# Homemade Surf weights



## CootHammer (Jan 10, 2012)

After losing about $50 worth of spider weights in 2 trips I've really started considering alternatives to a $5 spider weight. Do any of yall use homemade weights of any kind?


----------



## jagarcia10 (Mar 10, 2011)

There are some good how to you tube videos of how to do it. How are you losing weights in the surf? There normally isn't anything to get hung up on.


----------



## CootHammer (Jan 10, 2012)

While reeling in sharks I had several other poles lines get cut, not sure what went down there.

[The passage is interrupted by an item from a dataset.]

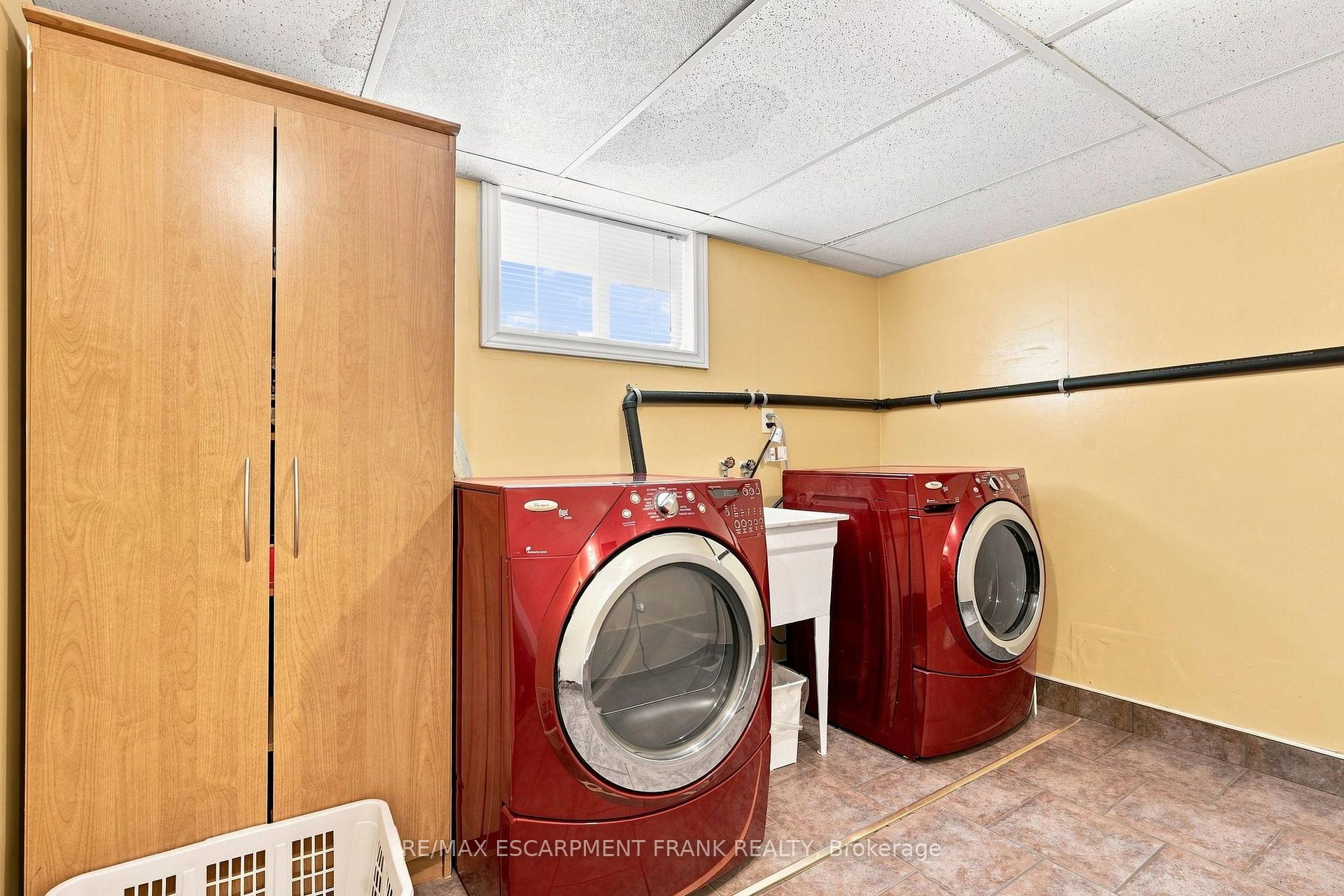 Photo 36 of 38 Garside Avenue S, Hamilton, Bartonville — HOMEH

The other times I would get a couple light bumps and then slack in the line and my line would be cut, Spanish Mack's maybe? Last trip to High Island just reeling in twice and snagged something and broke off. I don't think it's my not, but then again who noses!


----------



## Mustad7731 (May 23, 2004)

Coothammer,
There are several ways to start making your own spider wts...From throw away
molds of wood, better ones made of plaster of paris, to custom made alum molds
and some ones made with wine bottle alum caps...
Probably the best way to start is make 2 blocks of plaster of paris 3" X 4" X 1" that
fit together really well. Clamp the pieces together with a C clamp....Drill a 1/2"-3/4"
perpendicular hole along the seam between the pieces of the 4" side. Next drill a
3/64" to 1/8" hole perpendicular to the flat side of the mold about 3/4 of the way
down the first hole...Next scratch out a slot into both interior sides of the mold,
about the same size as 1/2 the diameter of the smaller hole.....
To use the mold...Have a premade eye made of SS or copper wire....Run a 12ga
wire thru the slot and the thru the clamped together mold. melt the lead pour into
the mold insert the premade eye into the still molten lead...after about a minute or
so carefully remove the clamp and the new spider wt....
Mustad7731
Jack


----------



## waltmeda (Jul 9, 2013)

I use a 3/4 copper cap (bought from Home Depot). Cut the cap in half, clamp it with a vice or vice grips. I also use #10 wire. Lead weight can be purchased for a very small amount of money from local tire shops.


----------



## jimj100 (Dec 1, 2012)

A couple of notes from my experiences: Lead is easy to get from ebay. about 15lbs fits in a single USPS "if it fits it ships" box. all told, about $23 for 15lbs. I use a cast iron skillet, and a propane torch from home depot. For yakked shark weights, I use 8ga copper wire from home depot. It does not bend straight, even when you reel lines in (10ga might be better, haven't found it naked). For molds, I clamp 2 1x red oak scraps, drill out the center where the boards meet to a depth depending on how heavy I need the wt. some calculations I have scribbled: for 5 oz wt, you need a 3.25 inch deep hole with a 1/2" bit. Or, a 7/8" bit you need a 1.34 inch deep hole. You can drill to the bottom but not all the way thru, and have your anchor and spider legs all coming up the same way. Or, you can drill all the way thru, and clamp a piece of iron with 4 holes in it to your molds, lined up over your hole, put your spider legs thru the angle iron and your anchor up the top. here are some examples from another site.
http://extremecoast.com/forum/viewtopic.php?f=1&t=19358&start=15
this is a NICE set up though. You can use wood and do almost as well, if not as pretty.


----------



## CootHammer (Jan 10, 2012)

Thanks guys, I'll give some of these ideas a try


----------



## kneekap (Nov 13, 2012)

You need to search the posts as this subject has been worked over before.


----------



## CootHammer (Jan 10, 2012)

For some reason the search doesn't work very well on my phone. But those pics are exactly what I needed. Thanks!


----------



## ronnie leblanc jr (Jan 9, 2010)

that is a great idea. I have a bunch of wire and pipe like that. thanks a lot for sharing that


----------